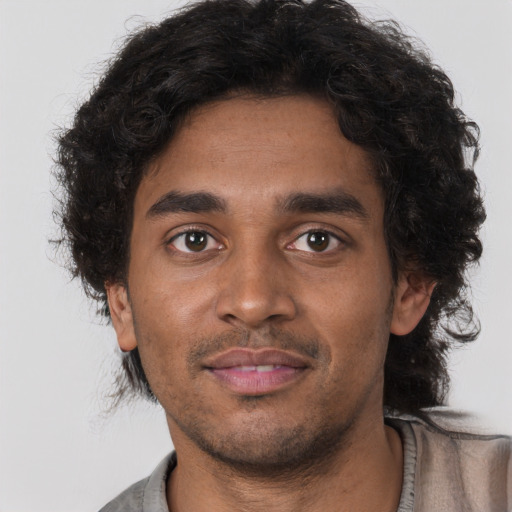 Joyful black young-adult male with short  brown hair and brown eyes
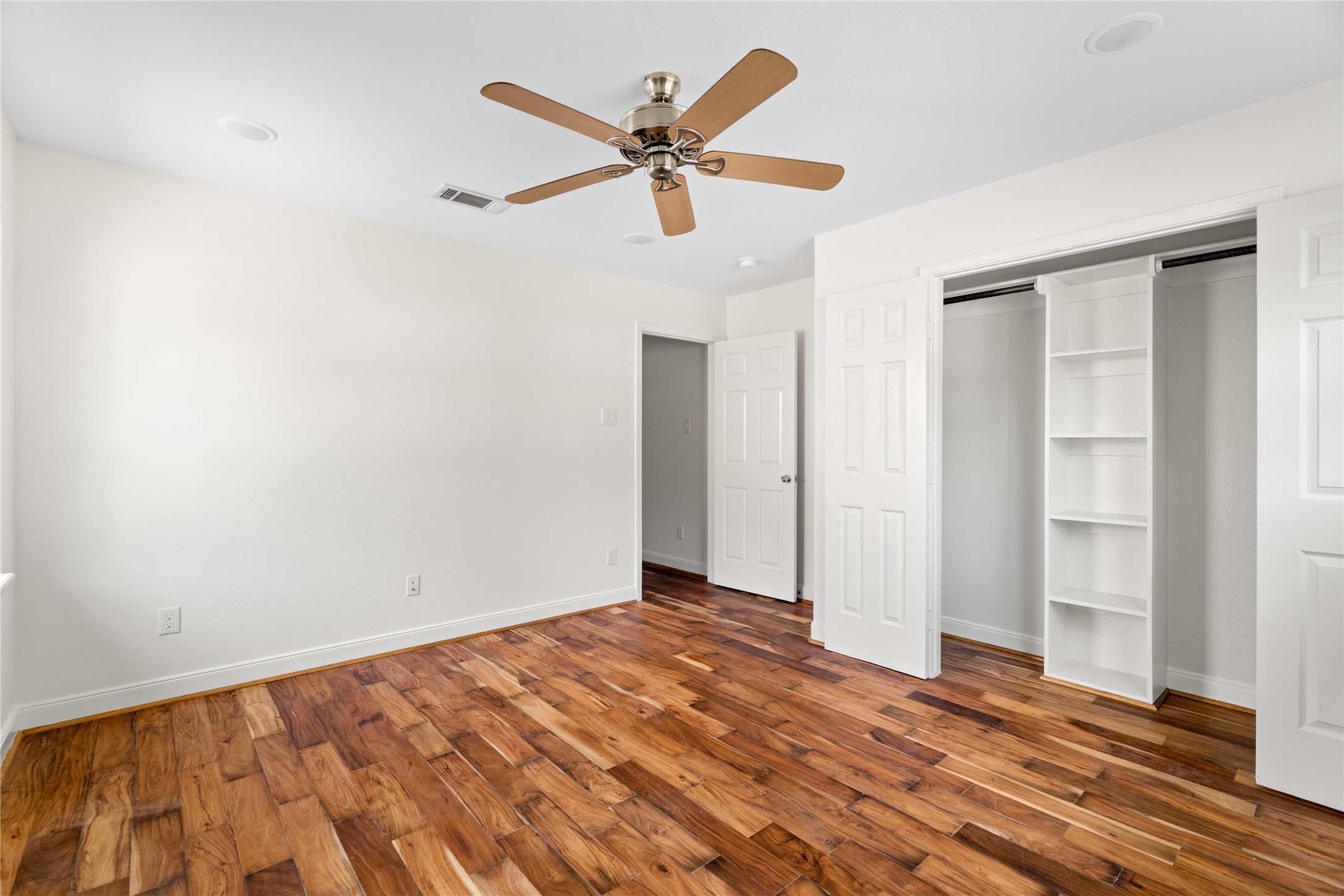 5515 Warm Springs Road Houston, TX 77035 - Photo 14 of 19 a view of empty room with wooden floor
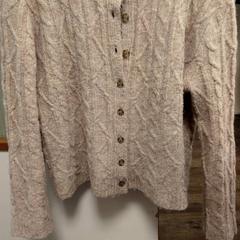 Maglione, come riportato da Inntel Hotels Amsterdam Centre utilizzando iLost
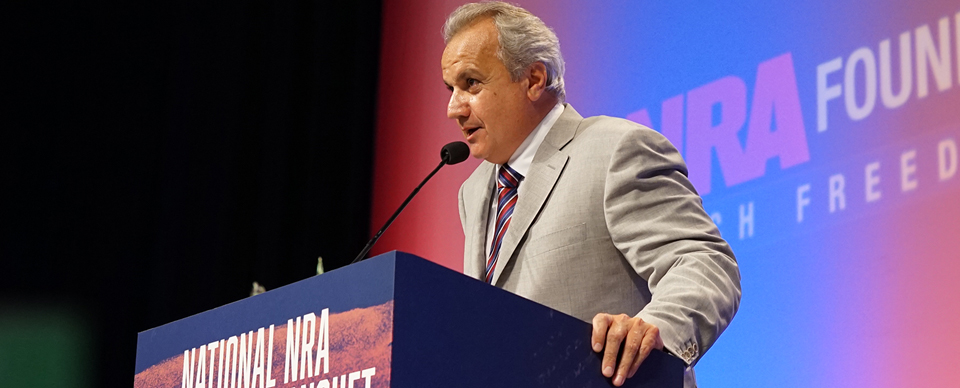 Henry Repeating Arms president presenting rifles on stage at the NRA Foundation Banquet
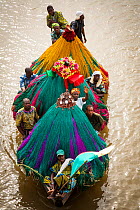 Aerial view of 'Zangbeto' guardians of the night, and priests in boat going to visit another village for voodoo / vodun ceremony, Benin, Africa, February 2011.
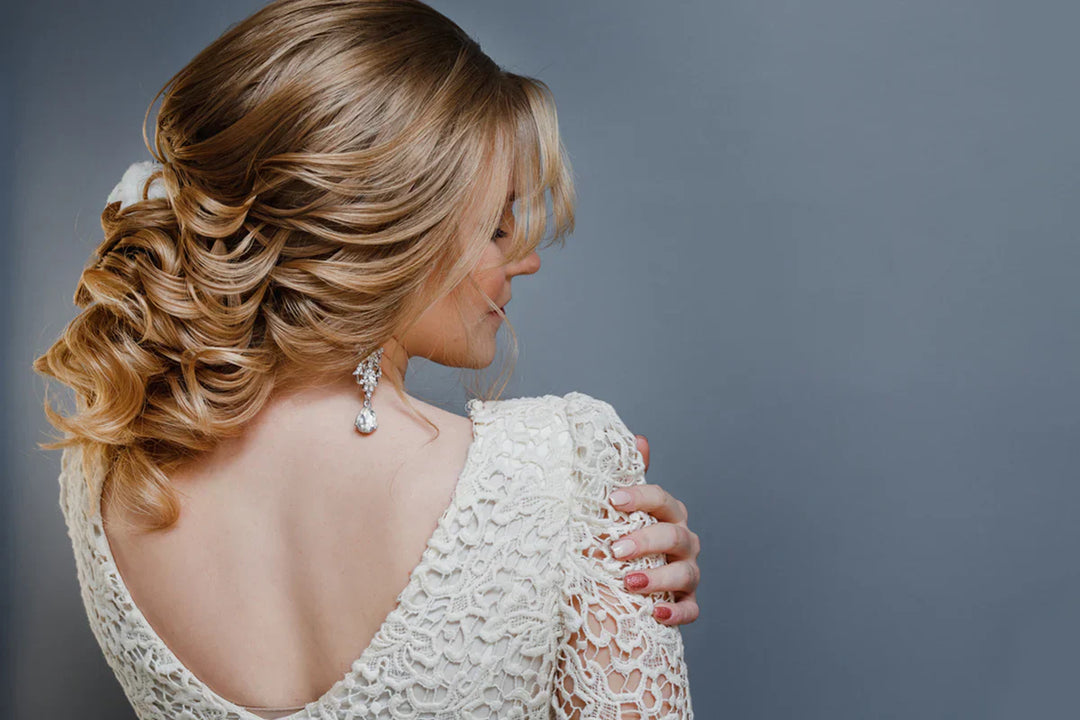 A woman with wavy gold blonde hair styled in an elegant updo, wearing a lace white dress and pearl earrings, gazes downwards, exuding a serene mood.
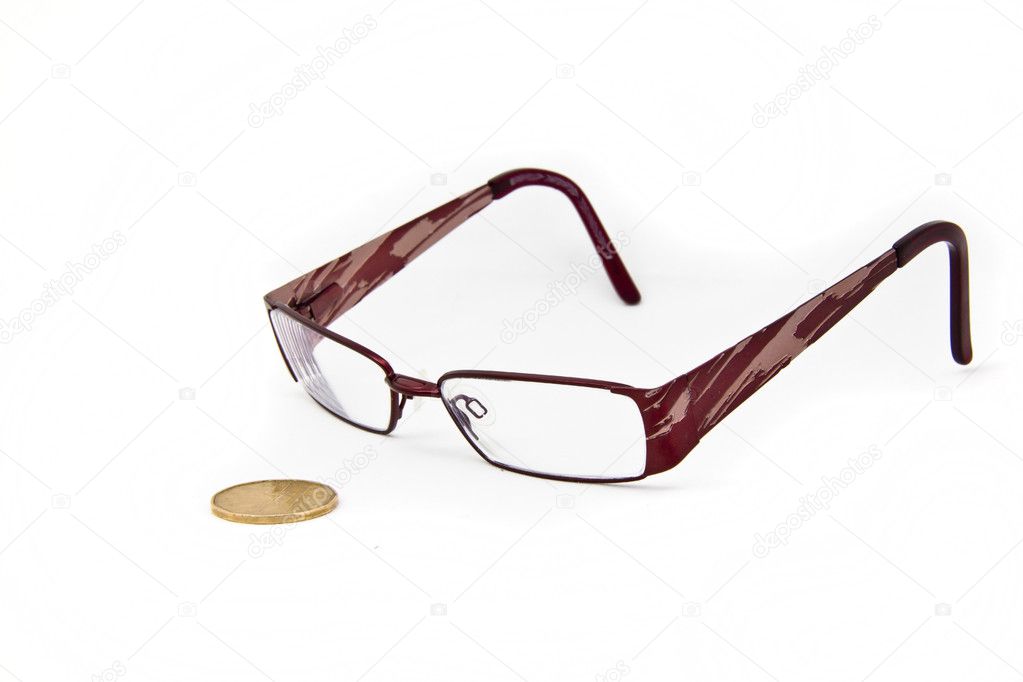 A pair of eye glasses keeping a close eye on a canadian dollar bill.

··········

What to produce
With the pictures left out, give again exactly the lines from the one that contains "Henry Repeating Arms" through the final line of the data above.

Result of the exercise
 Henry Repeating Arms president presenting rifles on stage at the NRA Foundation Banquet
 Aerial view of 'Zangbeto' guardians of the night, and priests in boat going to visit another village for voodoo / vodun ceremony, Benin, Africa, February 2011.
 A woman with wavy gold blonde hair styled in an elegant updo, wearing a lace white dress and pearl earrings, gazes downwards, exuding a serene mood.
 A pair of eye glasses keeping a close eye on a canadian dollar bill.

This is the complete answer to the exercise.